Only Adler, who led the Ethical movement forcefully until his death in 1933, has been previously and now extensively studied. The other four and their dates of full acceptance into the Fraternity of Ethical Teachers are: William M. Salter of Chicago (1883-1907), S. Burns Weston of Philadelphia (1885-1934), Walter L. Sheldon of St. Louis (1886-1907), and Stanton Coit of London (1886-1944).
The metaphysical independence of ethics, in the neo-Kantian sense for Adler and a more generally Idealistic sense for the other four, was often mistaken by people both in and out of the Ethical movement, and even by some professional philosophers and critics, as a claim of exemption for ethics from metaphysics or intellectual grounding. It is the intent of these philosophical biographies to show how this first generation of Ethical leaders remained relatively faithful to Adler’s stated principles, carrying them consistently through the second quarter-century and second generation of Ethical leadership.

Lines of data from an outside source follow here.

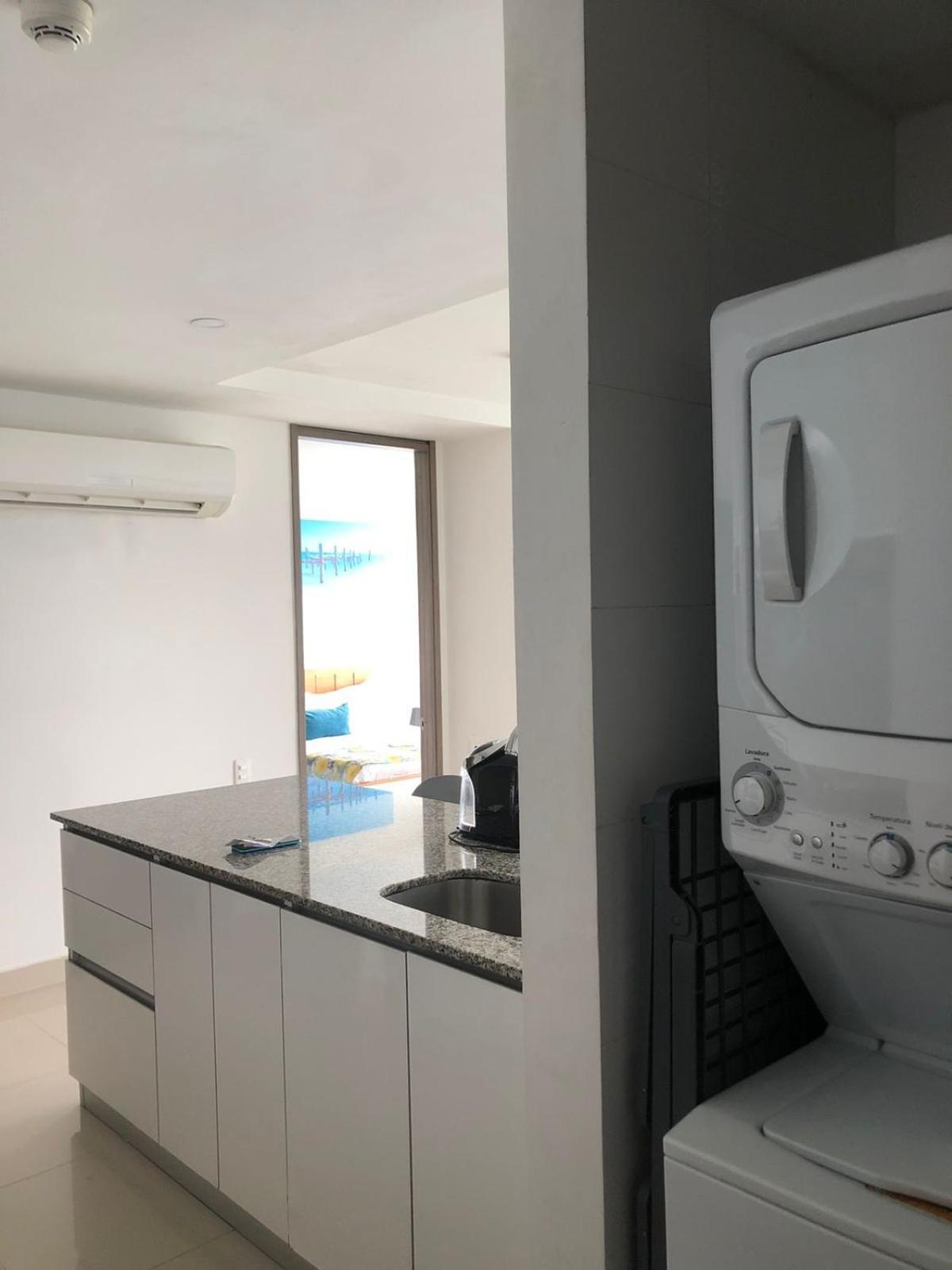 Frente Al Mar En Morros Apartamento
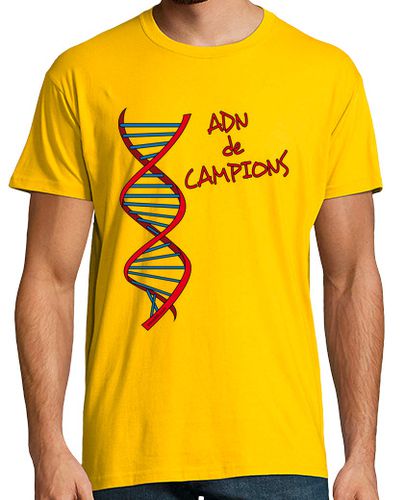 Camiseta Hombre Manga Corta ADN de Campions laTostadora - latostadora.com - Modalova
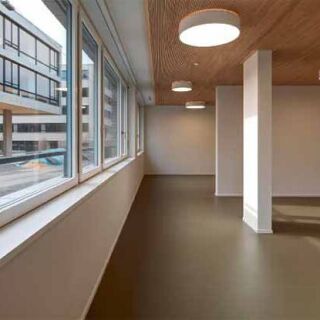 Geringe Unterhaltskosten mit Linoleum-Bodenbelägen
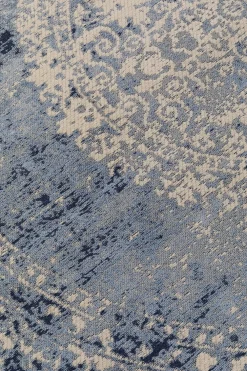 Dywany*KARE Design Dywan Okrągły Do Salonu Niebieski Vintage Ø200 Cm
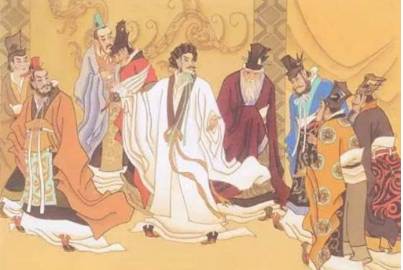 祢衡历史图片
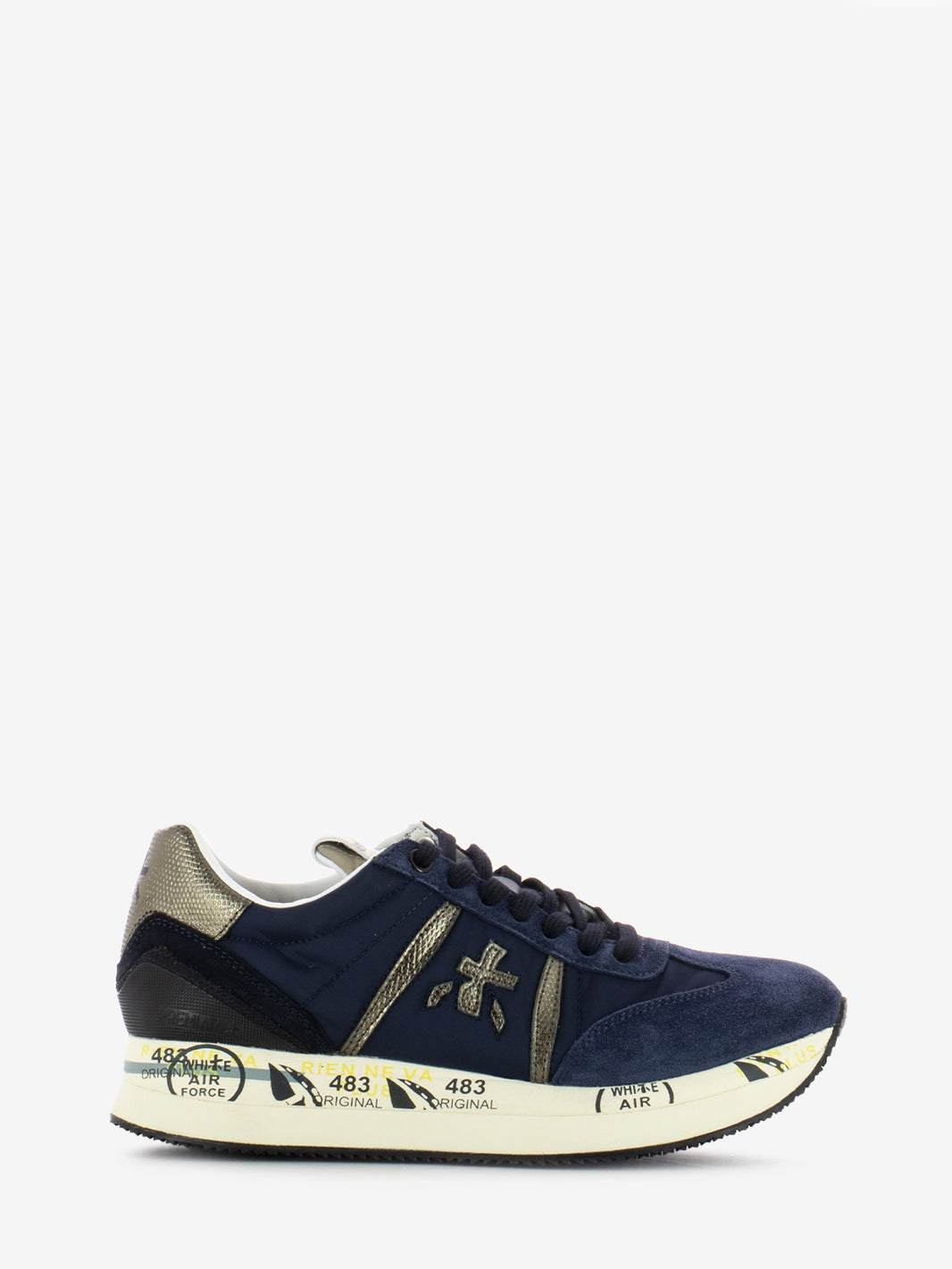 Conny dark blue sneakers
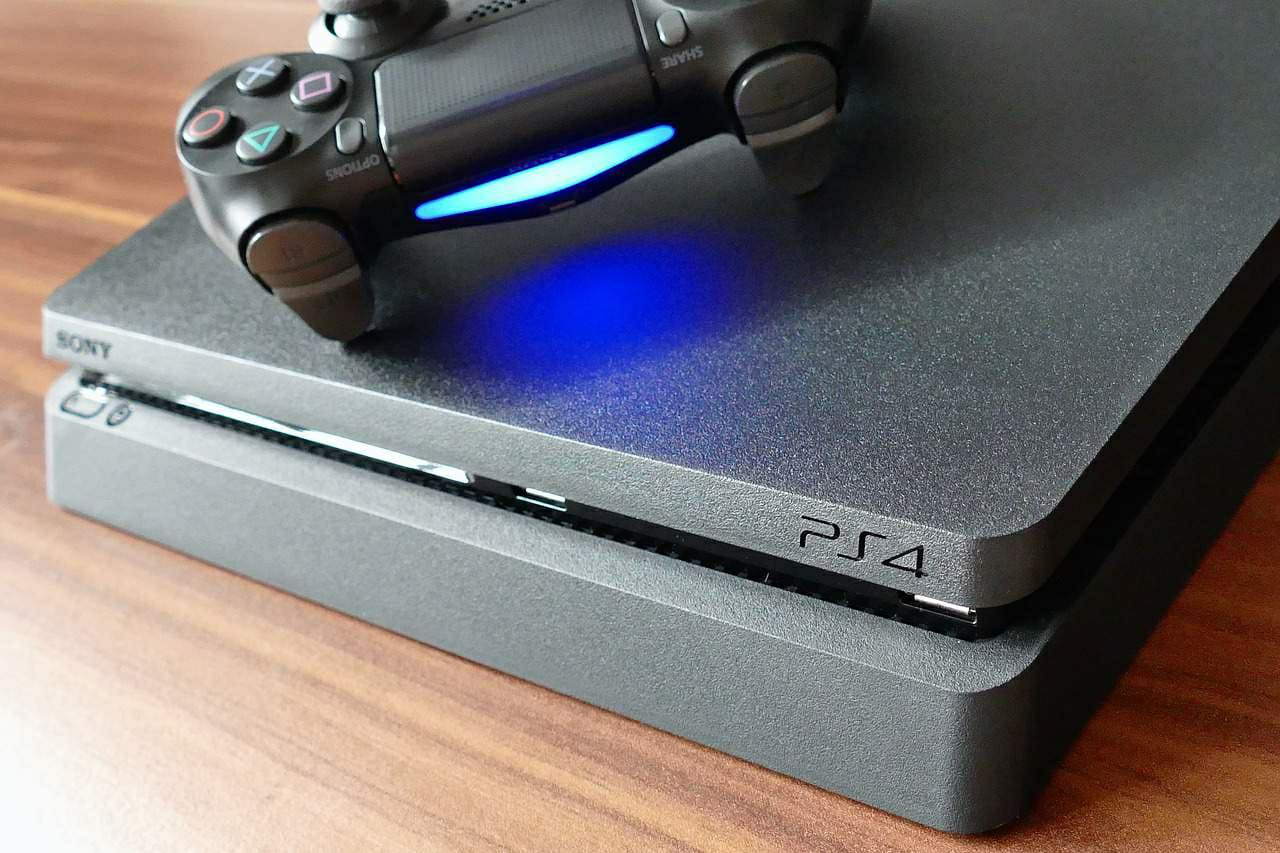 Console Sony Playstation 4 Slim Mega Pack, Com Controle Sem Fio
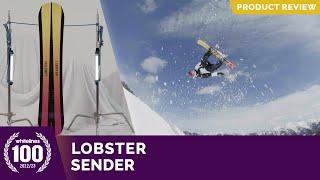 Lobster Sender 2023 Snowboard Review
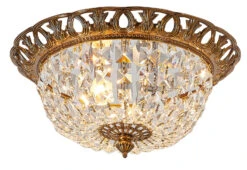 Two Light Flush Mount JD03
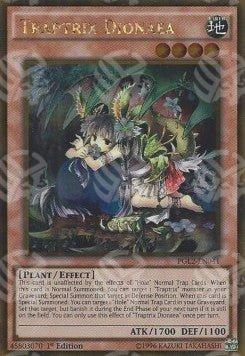 Trappolatrice Dionaea - Premium Oro 2 (Gold Rare) [PGL2-041]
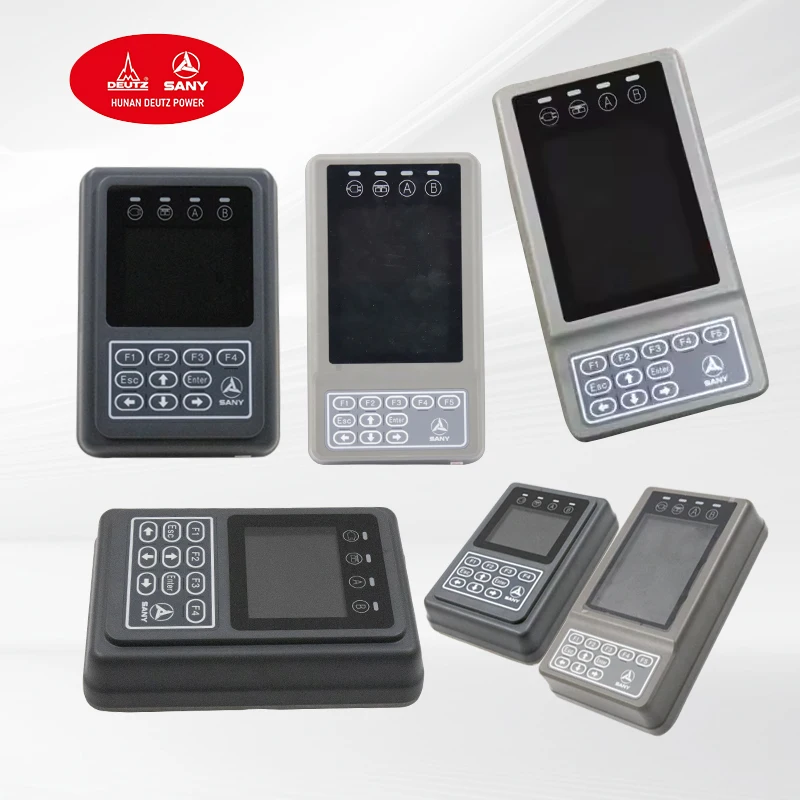 Оригинальный монитор экскаватора Sany 11888261 SECD-5I7D (SY215C9M2K) Монитор Sany 215, детали строительной техники SY215C
Оригинальный монитор экскаватора Sany 11888261 SECD-5I7D (SY215C9M2K) Монитор Sany 215, детали строительной техники SY215C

A brief appraisal is given to the philosophic sources and sanctions of the third, fourth, and even the new fifth quarter-century or generation of Ethical leadership. In the third generation, a gradual and uneven transition was made from the independence of ethics sanctioned by philosophic Idealism, to independence understood and sanctioned as naturalism or scientific humanism. At the start of the fifth quarter-century or generation (1976-2001), a shift “back” to Adler’s original sanctions is claimed, but more in terms of existentialism and the new (non-rationalistic) mysticism.